The en banc ruling was not unanimous; Judge Humphreys wrote a dissent in which he contended that the foster care findings were required any time a child had been placed in foster care, even if the ultimate ruling is in an ordinary custody proceeding. Today, Judge Humphreys’s view is vindicated, as the Supreme Court unanimously reverses. The court holds that the foster care provisions are significantly narrower than the general custody language, and under familiar rules of construction, specific language in one statute trumps general language in another. The court’s ultimate ruling in the case sets the standard for this special set of circumstances:

“Once a child has become subject to proceedings under the foster care statutes, a court may not transfer custody without the specific, written factual findings required by the foster care statutes. This statutory mandate holds true whether the custody order is entered upon a petition for custody, a petition for a foster care review hearing, or a petition for a permanency planning hearing. An award of custody without such findings, as in the case at bar, is error as a matter of law.”

In light of this holding, the case will be remanded all the way back to the trial court, so that court can make the required factual determinations and insert them into a final order. In the meantime, the court decrees today, interim custody will remain with the grandparents.
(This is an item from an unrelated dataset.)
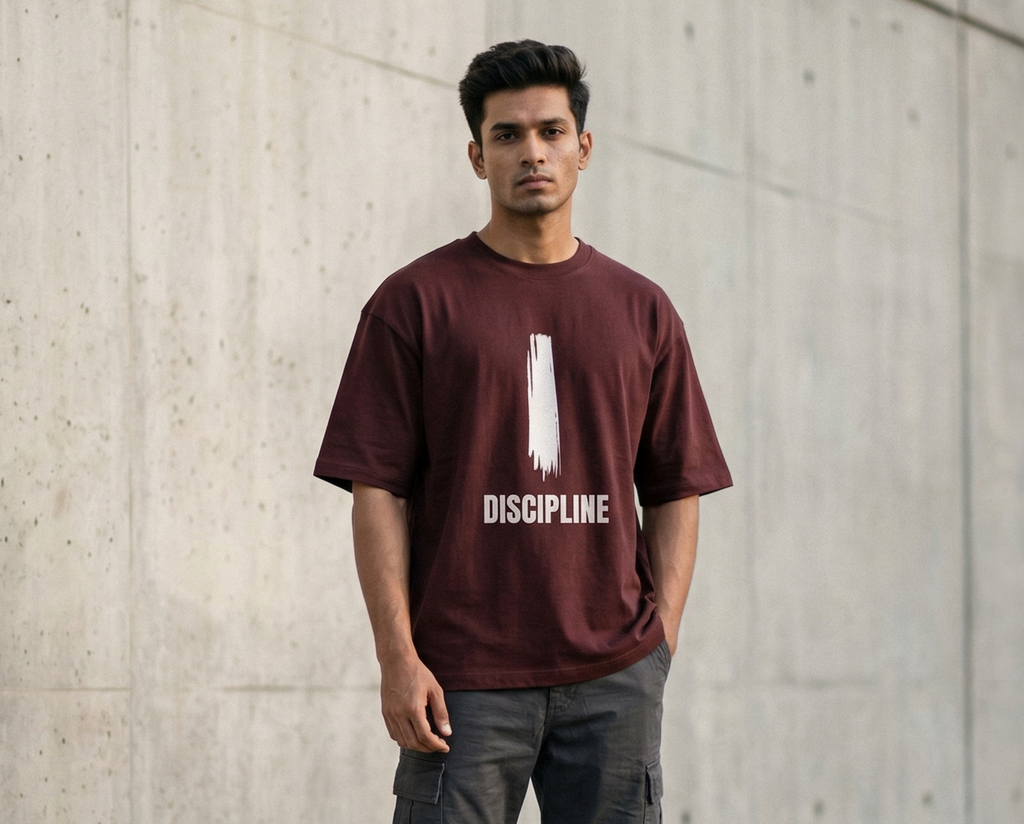 Unisex Oversized Classic T-Shirt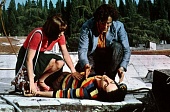 Подозрительная смерть несовершеннолетней (1975)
There’s one other aspect of today’s ruling, and that deals with the grandparents’ petition for an award of attorney’s fees. The statute provides that the Court of Appeals can award fees as it may deem appropriate, “based on the relative financial ability of the parties.” The CAV had denied the request for fees because, it found, the DSS had taken a reasonable position addressing “appropriate and substantial issues.” Capping what has to be regarded as a terrible day for the Court of Appeals, the Supreme Court reverses even this holding, noting that the reasonableness of a litigant’ position on appeal isn’t the statutory basis for a fee award. It remands for the CAV to reconsider the fee request under the correct legal standard.